これをきっかけにインテリアへの関心が高まり、自身の理想となる空間創りの追究が始まった。
2012年20歳の時に帰国、そして起業する。
古き良き伝統を残し、新たなものを取り入れた進化を意味する「不易流行」を主軸に掲げた。日本伝統文化の再構築と拡散を目的とした会社を興すと共に、東銀座に稲荷寿司専門店の「白金や」をオープンさせた。
店の内・外装、調理、メニューの作案など、プロデュースの全てを自らが手掛け、歌舞伎役者への「おもたせ(差し入れ)」を中心に展開する。
2018年に代表を退く。
その後映像配信を目的とした映像制作会社に就職。映像制作・配信とデザインのスキルを吸収しつつ、
社内のスタジオ設備とインテリアを手掛ける。
そして、幼少期より興味を持っていた生物の習性と物理、昆虫の採取と観察、科学実験と工作に親しみ、日常から生まれた疑問や頭に浮かんだアイディアを様々な手法で具現化し、発明する事に喜びを見出していた。
その一方で日々、世界と生命の成り立ちへの探究心が深まるごとに増幅する生と死への消化しきれぬ葛藤を抱えていた。
表現の道が無いかなと考えていた時に、
金子さんと出会うことになる。
散らばっていたパズルが出会った瞬間、新しいアートが産まれる
表現の道を探していた北川さん。
絵画では表しきれない自身の感覚を、立体表現に込める様になり、より多角的な表現を追求していた金子さん。
ふたりの出会いは、異業種交流会。
金子さんの展示を観に行き北川さんは感銘を受けた。
アートは心の交流となるのだ。
アートから伝わった感覚を自分の感覚で話をする、アートが心の交流になるなと感じた。
そして美しさの中に込められた気持ちがあると感じた。
2019年にアーティストデュオ・カレイドスコープを結成。
アート表現のコンセプトを深め、
万華鏡(カレイドスコープ)の様に瞬間を無限に拡張する現象の様な表現を目指し、多角的な表現を追究することになった。
逗子アートフェスティバルとの出会い
ふたりのアトリエは相模原にある。
そのため逗子まで車で3時間。

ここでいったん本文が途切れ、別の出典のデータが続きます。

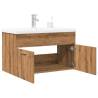  2 Piece Bathroom Furniture Set Artisan Oak Engineered Wood Colour artisan oak Size 80 x 38.5 x 46 cm Model without faucet Number of 1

(2021年の大雨により、一部有料道路が使えないため下道で移動することもある)
電車でも2時間。
みんなでアートメンバーのワンハンドマジシャン・シリュウさんと繋がりがあり、逗子アートフェスティバル
について知ることになる。
4月に初めて逗子アートフェスティバルの会議に参加。
出展を決めた。
しかしながら、逗子には縁もゆかりもない。
自分たちの作品展示は、初めてのインスタレーション作品を考えていた。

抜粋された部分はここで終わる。